**Problem description:**
Scan the listing below. Return every line containing the string "image".
══ Dataset records
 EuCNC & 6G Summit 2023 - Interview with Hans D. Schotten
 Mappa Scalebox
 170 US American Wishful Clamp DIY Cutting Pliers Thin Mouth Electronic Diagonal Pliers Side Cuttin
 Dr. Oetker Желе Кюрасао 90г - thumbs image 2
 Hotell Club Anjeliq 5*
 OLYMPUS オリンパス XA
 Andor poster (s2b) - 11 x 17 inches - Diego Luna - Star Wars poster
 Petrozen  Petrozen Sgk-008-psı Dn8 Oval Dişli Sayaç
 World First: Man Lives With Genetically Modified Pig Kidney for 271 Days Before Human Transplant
════
══ Dataset records
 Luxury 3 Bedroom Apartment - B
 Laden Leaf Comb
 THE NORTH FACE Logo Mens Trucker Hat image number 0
════
**Output for this exercise:**
 Dr. Oetker Желе Кюрасао 90г - thumbs image 2
 THE NORTH FACE Logo Mens Trucker Hat image number 0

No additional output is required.